Ao longo de seus 20 anos de existência, o projeto Quebrando o Silêncio ajudou a reescrever histórias de pessoas que viveram dias sombrios, angustiantes, de medo e aflição diante das mais variadas formas de violência. Agora, elas compartilham como, influenciadas por essa iniciativa, conseguiram enxergar que as relações abusivas em que estavam deveriam terminar, e que episódios do passado, embora não pudessem ser apagados, precisavam ser superados.
No começo, tudo era muito bom. Todo mundo gostava dele. Era alguém muito agradável com as pessoas e sabia como cativar. Fiquei grávida antes do casamento. Foi um erro, pois namorei por pouco tempo e não o conhecia muito bem. Em seis meses nos casamos. Pouco antes do nosso filho nascer, ele já começou a ficar estranho. Com o passar dos dias, se tornou extremamente grosseiro, ignorante e começou a querer bater naquela criança. Eu não permitia!
Medo e vergonha
Em dado momento, fui para a casa da minha mãe e meu marido foi atrás de mim. Sem saber a realidade e como eu era tratada em casa, minha mãe ficou com pena dele. Ela pensava que estava tudo bem, e que eu era o problema.
Eu não queria voltar, mas descobri que estava grávida novamente. Durante a gestação, meu esposo se tornou uma pessoa fantástica, mas depois que nosso segundo filho nasceu, as coisas foram só piorando.
Quando os meninos já estavam grandinhos, comecei a levá-los à igreja, mas meu esposo não gostava nada disso. Logo, começou a dormir com uma arma debaixo do travesseiro e dizia que se eu me separasse, ele ficaria com as crianças. Por medo e pelos meus filhos, continuei naquela situação. Eu tinha vergonha do que eu vivia e tentava esconder de todos.

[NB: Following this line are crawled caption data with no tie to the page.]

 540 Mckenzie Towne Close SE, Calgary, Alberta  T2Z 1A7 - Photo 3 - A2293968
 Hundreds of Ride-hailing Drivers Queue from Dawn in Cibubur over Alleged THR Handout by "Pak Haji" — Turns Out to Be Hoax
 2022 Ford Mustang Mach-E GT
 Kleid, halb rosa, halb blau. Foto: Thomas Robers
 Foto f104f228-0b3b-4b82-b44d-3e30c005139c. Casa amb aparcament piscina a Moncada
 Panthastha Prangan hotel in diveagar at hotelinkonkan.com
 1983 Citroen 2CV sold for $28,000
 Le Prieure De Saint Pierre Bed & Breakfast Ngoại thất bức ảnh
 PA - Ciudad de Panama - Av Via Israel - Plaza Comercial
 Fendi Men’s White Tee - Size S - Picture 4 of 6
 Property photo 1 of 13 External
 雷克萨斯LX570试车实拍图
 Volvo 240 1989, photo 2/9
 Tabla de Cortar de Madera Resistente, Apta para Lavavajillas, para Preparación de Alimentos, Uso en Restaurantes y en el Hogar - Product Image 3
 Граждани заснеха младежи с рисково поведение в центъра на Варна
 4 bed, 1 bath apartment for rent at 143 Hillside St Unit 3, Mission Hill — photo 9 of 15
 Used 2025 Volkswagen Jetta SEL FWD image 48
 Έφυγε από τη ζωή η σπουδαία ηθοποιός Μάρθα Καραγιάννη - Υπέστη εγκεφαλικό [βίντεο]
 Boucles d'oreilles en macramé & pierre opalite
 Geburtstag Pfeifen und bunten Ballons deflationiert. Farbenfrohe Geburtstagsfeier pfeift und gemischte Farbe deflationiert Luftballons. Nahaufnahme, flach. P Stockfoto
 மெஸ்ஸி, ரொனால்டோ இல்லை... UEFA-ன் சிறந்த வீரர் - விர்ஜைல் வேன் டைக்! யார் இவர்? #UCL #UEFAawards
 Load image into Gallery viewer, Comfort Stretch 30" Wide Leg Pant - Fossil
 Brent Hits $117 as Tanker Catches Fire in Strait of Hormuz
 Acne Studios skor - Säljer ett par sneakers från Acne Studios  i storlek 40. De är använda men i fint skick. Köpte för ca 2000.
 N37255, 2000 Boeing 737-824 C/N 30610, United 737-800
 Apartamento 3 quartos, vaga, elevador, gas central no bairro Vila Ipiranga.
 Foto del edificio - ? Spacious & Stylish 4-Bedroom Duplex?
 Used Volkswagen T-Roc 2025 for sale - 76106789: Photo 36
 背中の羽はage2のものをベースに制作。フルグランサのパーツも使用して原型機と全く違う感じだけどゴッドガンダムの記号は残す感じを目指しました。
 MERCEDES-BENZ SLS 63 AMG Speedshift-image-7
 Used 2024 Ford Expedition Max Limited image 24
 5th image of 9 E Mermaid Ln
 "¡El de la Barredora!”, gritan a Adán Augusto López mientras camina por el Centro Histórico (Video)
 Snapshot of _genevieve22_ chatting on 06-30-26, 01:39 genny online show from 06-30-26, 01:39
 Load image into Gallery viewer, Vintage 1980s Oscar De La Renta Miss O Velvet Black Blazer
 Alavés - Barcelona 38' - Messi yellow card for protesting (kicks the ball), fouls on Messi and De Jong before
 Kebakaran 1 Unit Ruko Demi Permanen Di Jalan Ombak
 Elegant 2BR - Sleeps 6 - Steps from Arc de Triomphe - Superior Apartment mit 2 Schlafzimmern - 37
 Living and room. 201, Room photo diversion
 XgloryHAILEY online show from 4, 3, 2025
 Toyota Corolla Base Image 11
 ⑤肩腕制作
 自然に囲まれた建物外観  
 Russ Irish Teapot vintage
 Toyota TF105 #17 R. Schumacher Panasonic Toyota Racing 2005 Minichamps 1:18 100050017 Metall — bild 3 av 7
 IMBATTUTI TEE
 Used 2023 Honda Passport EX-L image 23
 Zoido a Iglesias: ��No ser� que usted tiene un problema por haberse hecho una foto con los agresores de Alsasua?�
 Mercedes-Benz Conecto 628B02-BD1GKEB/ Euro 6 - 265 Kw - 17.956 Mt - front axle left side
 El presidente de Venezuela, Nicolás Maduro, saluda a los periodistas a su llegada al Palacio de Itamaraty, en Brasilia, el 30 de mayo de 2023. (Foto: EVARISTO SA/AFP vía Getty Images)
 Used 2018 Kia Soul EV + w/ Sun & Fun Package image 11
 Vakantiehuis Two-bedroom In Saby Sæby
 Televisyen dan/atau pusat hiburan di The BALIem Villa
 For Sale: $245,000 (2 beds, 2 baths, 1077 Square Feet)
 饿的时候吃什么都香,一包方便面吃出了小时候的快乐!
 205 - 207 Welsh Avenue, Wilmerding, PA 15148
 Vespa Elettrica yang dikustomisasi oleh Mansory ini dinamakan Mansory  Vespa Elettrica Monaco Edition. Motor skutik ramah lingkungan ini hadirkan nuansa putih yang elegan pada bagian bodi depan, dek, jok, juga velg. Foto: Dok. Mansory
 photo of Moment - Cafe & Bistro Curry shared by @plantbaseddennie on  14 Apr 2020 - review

Após um tempo, nos mudamos para um sítio no Norte do Brasil. Ficávamos muito sozinhos e as brigas eram intensas quando ele estava em casa. Uma noite, depois que tínhamos brigado, eu ressaltei que queria voltar para São Paulo. Lá eu poderia trabalhar, mas ele disse que não. Falou que eu tinha que ficar ao lado dele, pois precisava de ajuda para conter o vício em pornografia e prostitutas. Fiquei chocada.
Eu estava decidida a me separar. Pedi para ele vender o sítio e fiquei na casa da minha tia com meus filhos. Depois da venda do sítio, voltamos para São Paulo, mas não consegui me separar. Em determinada ocasião, ele me puxou pelos cabelos, me empurrou para o sofá e pendurou minha cabeça no encosto de forma que a minha cabeça ficou para baixo, torceu e apertou a minha garganta.
Em seguida, ele procurou os irmãos da igreja, disse que eu tinha me separado dele e que ele queria um estudo bíblico e ser batizado. Assim aconteceu. Ele se tornou uma ótima pessoa aos olhos dos outros, mas dentro de casa continuava grosseiro, estúpido e agressivo. Logo, começou a agredir os meninos.
Livre de culpa
Fomos morar em um sítio novamente, mas ele só ficava na cidade e me deixava trancada em casa para não poder ir à igreja com os meus filhos. A solução era assistir aos cultos pela TV. Um dia, na cozinha ouvindo o programa da Darleide Alves no rádio, uma convidada falou sobre o abuso emocional e físico que algumas mulheres sofriam de seus companheiros.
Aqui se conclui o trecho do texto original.